■ **ASSIGNMENT**
Below is a listing; repeat exactly the lines from the one containing "217 Holden St, Kingston, K7P 0L1 | Image 2" to the one containing "BMKG Keluarkan Peringatan", both included.

*** INFORMATION GIVEN

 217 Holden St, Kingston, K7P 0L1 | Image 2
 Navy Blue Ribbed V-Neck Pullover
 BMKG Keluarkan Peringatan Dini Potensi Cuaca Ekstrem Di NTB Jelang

******
*** INFORMATION GIVEN

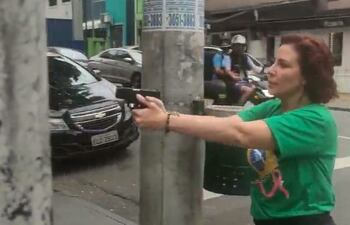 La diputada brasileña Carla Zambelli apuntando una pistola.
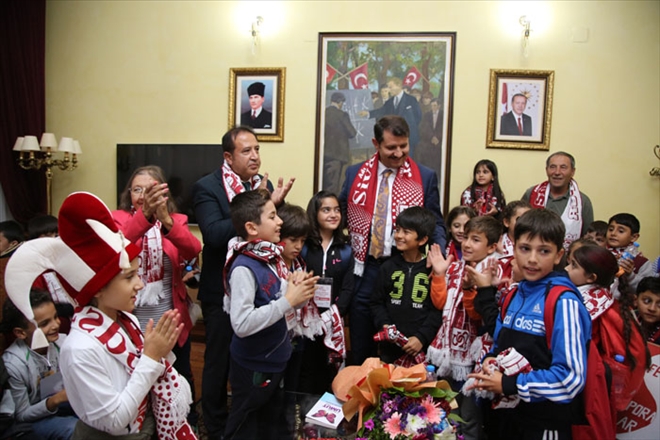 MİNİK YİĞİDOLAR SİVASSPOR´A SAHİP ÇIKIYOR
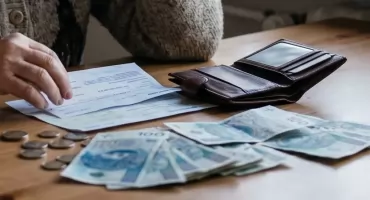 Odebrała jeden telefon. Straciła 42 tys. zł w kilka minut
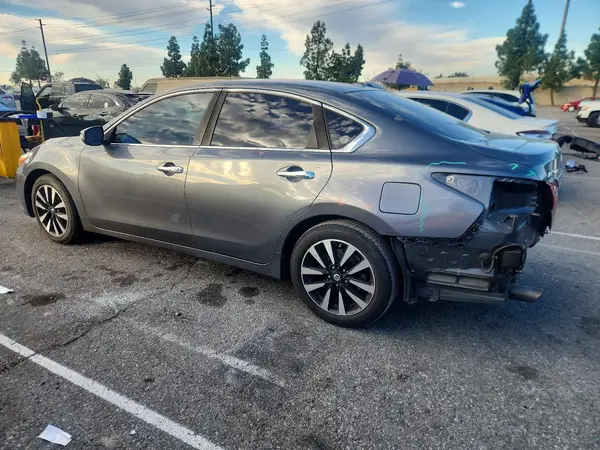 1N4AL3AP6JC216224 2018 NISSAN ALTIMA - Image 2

******
*** INFORMATION GIVEN

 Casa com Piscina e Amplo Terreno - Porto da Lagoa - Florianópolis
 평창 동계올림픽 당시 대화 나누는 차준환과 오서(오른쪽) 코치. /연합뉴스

******

■ **ANSWER**
 217 Holden St, Kingston, K7P 0L1 | Image 2
 Navy Blue Ribbed V-Neck Pullover
 BMKG Keluarkan Peringatan Dini Potensi Cuaca Ekstrem Di NTB Jelang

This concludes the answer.